[Dixielandjazz] Howard Alden & Bucky Pizzarelli

Stephen G Barbone barbonestreet at earthlink.net
Sat Jan 14 08:21:08 PST 2012


If you are in the NYC area and like Django , Woody Allen,  Howard  
Alden, Bucky Pizzarelli and Sean Penn, you might want to go to the  
Picture House in Pelham NY on January 19. The ticket price is a BARGAIN.

Cheers,
Steve Barbone
www.myspace.com/barbonestreetjazzband

Two Guitarists, as Heard in a Woody Allen Film

By Phillip Lutz - NY Times - January 13, 2012

EARLY in 1998, the guitarist Howard Alden got a call from the pianist  
Dick Hyman, a longtime collaborator of Woody Allen’s, asking whether  
he would like to work on Mr. Allen’s latest movie, “Sweet and  
Lowdown.” All he would need to do, Mr. Hyman said, was lay down tracks  
in the style of the gypsy guitarist Django Reinhardt — a style with  
which Mr. Alden was deeply familiar.

But as it turned out, Mr. Allen was also hoping that Mr. Alden would  
show the actor Sean Penn, who had no experience playing guitar, how to  
play well enough to lend plausibility to his character, an American  
guitarist obsessed with Reinhardt. Mr. Penn, who insisted on learning  
tunes note for note, “far exceeded what Woody wanted him to do,” Mr.  
Alden said.

“What I thought would be just a couple of days working on the  
soundtrack,” he said, “turned into six months of working with Sean.”

The experience will be revisited on Jan. 19, when Mr. Alden, along  
with the guitarist Bucky Pizzarelli, who played rhythm guitar to his  
lead on the film’s soundtrack, appear together at the Picture House in  
Pelham. The two will play tunes related to the film and take part in a  
moderated question-and-answer session after the movie is shown.

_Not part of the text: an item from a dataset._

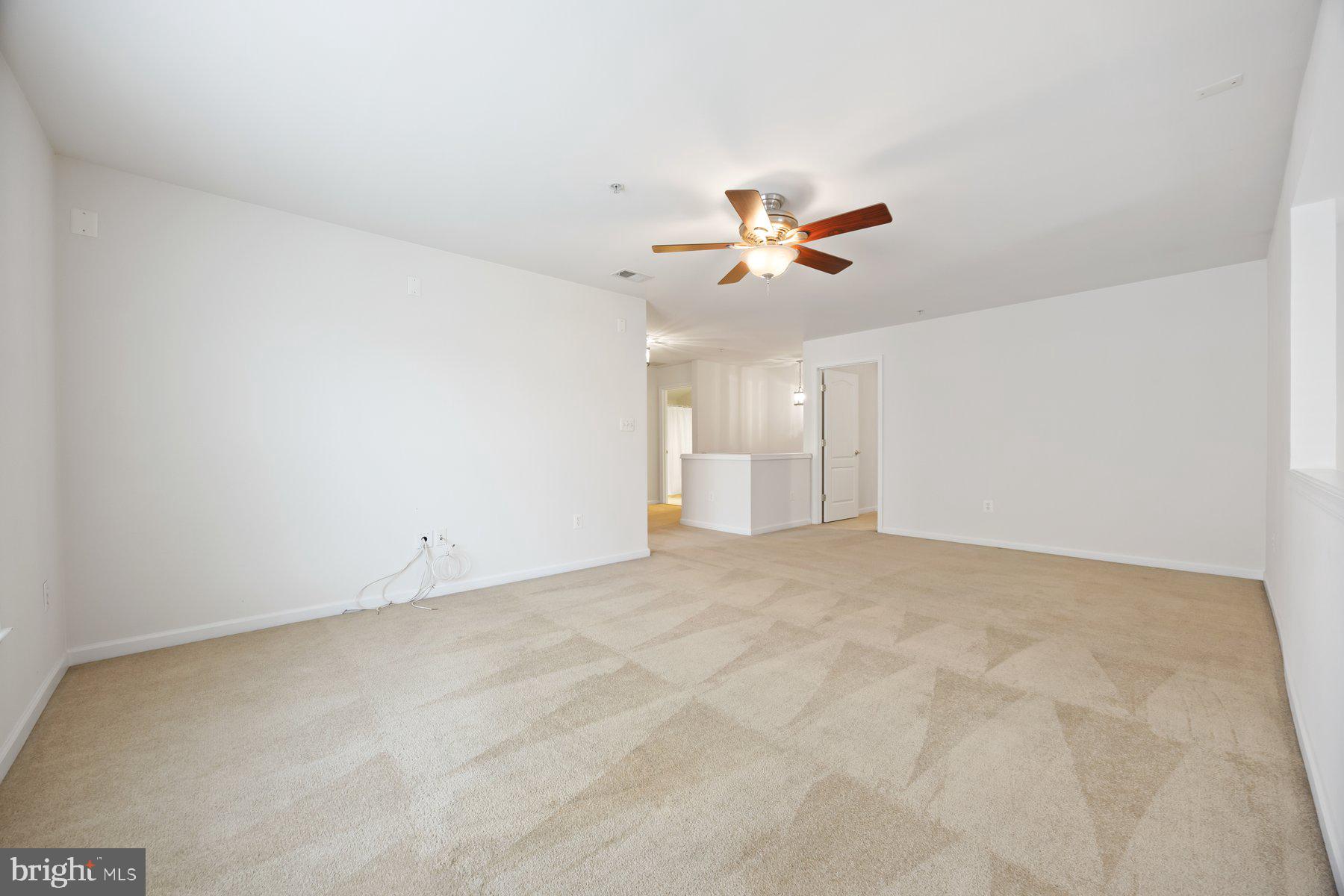 840 Horseshoe Lane, Unit 171 Taneytown, MD 21787 - Photo 28 of 37 a view of empty room with ceiling fan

Jennifer S. Christman, the executive director of the Picture House,  
said the event would represent the first major concert for the 91-year- 
old theater, a single-screen movie house that underwent a six-month  
renovation starting in September 2010 and a separate period of  
construction last summer. During the later construction, a 40-by-12- 
foot stage was created near the spot where the organ pit sat during  
the silent-picture era.

For the kickoff concert, the Picture House could hardly have recruited  
a pair of performers more comfortable with each other, or the  
material. Both describe a 20-year working relationship virtually  
devoid of conflict; both have extensive experience playing the  
repertoire favored by Mr. Penn’s character, mostly prewar standards  
and compositions by Reinhardt. And Mr. Pizzarelli, 86, worked for  
extended periods with the French violinist Stéphane Grappelli, an  
intimate of Reinhardt’s.

During their two days in the recording studio in July 1998, the  
musicians observed Mr. Allen’s working methods first-hand. Though he  
was a constant presence, Mr. Alden said, Mr. Allen largely made his  
wishes known by conferring with Mr. Hyman, the music director, who  
often ordered quick reworkings of arrangements to meet the script’s  
needs. At times, this worked to the music’s benefit; in one instance,  
Mr. Alden found out months after the fact that a solo arrangement of  
“I’m Forever Blowing Bubbles” that he had created on the spot was  
actually serving as a love theme, and formed the musical core of some  
character-defining moments in the film. It was probably wise for the  
director to have withheld that fact, Mr. Alden said, “because he  
didn’t make you all self-conscious.”

Other compositions — 10 or so — were recorded but did not make it to  
the screen. The Reinhardt original “Nuages” was one of them. “  
‘Nuages,’ ” Mr. Pizzarelli said, “was the greatest tune that came out  
of the Django school.” He played it with string-busting intensity on  
the bandstand with Grappelli, and said it would probably be played at  
the Picture House show.

While Mr. Alden and Mr. Pizzarelli both insisted that the roles of  
leader and accompanist flow back and forth in their duo engagements,  
Mr. Pizzarelli also said Mr. Alden would be calling the tunes on the  
stand. Beyond “Nuages,” Reinhardt tunes likely to make their way into  
the Picture House set are, Mr. Alden said, “Douce Ambiance,” a gypsy  
anthem first recorded during the war, and “Tears,” a ballad.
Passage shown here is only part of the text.